BIRMINGHAM, Ala. (DTN) -- Record-high meat prices over the last several years pushed more than a few consumers away from grocery store meat counters. That trend is beginning to reverse now, as falling prices bring buyers back and build per capita protein consumption.
A new report from Rabobank Food and Agribusiness Research and Advisory group, "Chickens, Cows, and Pigs ... Oh My!", described 2015 as a "momentous" year for the livestock industry, with the largest increase in U.S. meat consumption seen since the 1970s, at 5% per capita. Going forward, the group projected 1.2% to 1.5% average per annnum growth in U.S. meat consumption. This follows a 9% drop from 2005 through 2014. During that time, beef showed the largest decline at 18%, pork at 10% and chicken at 1.4%.
USDA reported earlier this year total per capita disappearance at the retail level of red meat and poultry totaled 210.9 pounds. For 2016, the agency forecast that figure to go to 214 pounds. Of that, 54.5 pounds was projected to be beef, 50.1 pounds pork, 90.4 pounds chicken (broilers) and 16.4 pounds turkey.
Hitting the 200-pound per capita consumption level was once thought impossible for protein. Derrell Peel, Oklahoma State University's beef marketing specialist, said that barrier was first breached in 1988. Since then the level only dipped below the 200-pound mark twice, in 1989 and in 1990.

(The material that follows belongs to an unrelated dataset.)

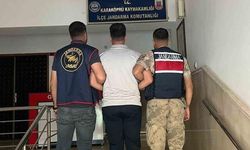 Şanlıurfa Karaköprü'de Hırsızlık Suçundan Kesinleşmiş Hapis Cezası Olan Hükümlü Yakalandı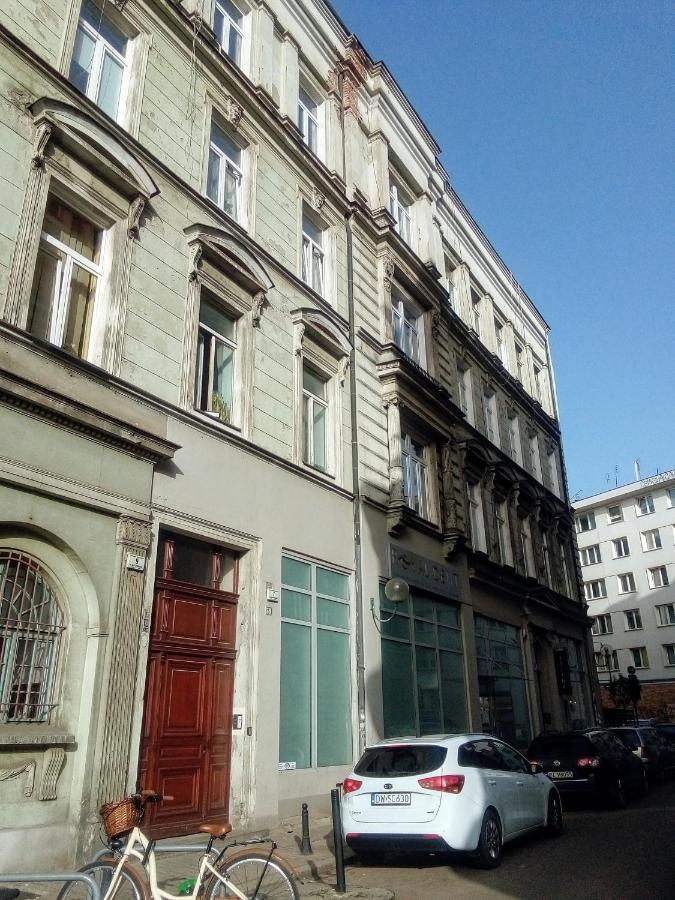 Arla Studio Wrocław Kültér fotó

If price is key to consumption, Rabobank's retail price projections build a strong case for increased purchases. In its report the group expected U.S. retail meat prices to decline by 14% by 2018 (from 2015 levels, on a consumption-weighted basis). Beef prices would see the biggest drop, going from an average of $6.29/lb to $4.94/lb (minus 22%). Next on the downturn, pork prices would fall from $3.85/lb to $3.56/lb (minus 7%); and chicken from $1.97/lb to $1.87/lb (minus 5%).
Underlying the price drops were supply increases across the board for all proteins, and a more challenging trade environment. Trade issues were closely tied to the strength of the U.S. dollar, which Rabobank said continued to make it difficult to sell product in many of America's best markets abroad. The Rabobank report explained the U.S. dollar index increased by 18% the last two years, and the dollar strengthened significantly against some of its most important protein trade customers including Mexico, Canada and Japan.
On the supply side of the equation, strong growth was projected to continue. The pork sector was reported to be adding four new plants, boosting U.S. packing capacity by the end of next year by 6% to 7%.
Poultry was also said to be adding plant capacity, with four or five new plants and expansion at older ones.
Rabobank expected U.S. chicken production to grow by 2.5% per annum through 2018, due to more capacity and increased bird weights.
As for beef, where herd rebuilding has been a focus of the industry for the last three to five years, it was expected to see a 4% increase in production by 2017, with that growth expected to continue through 2020.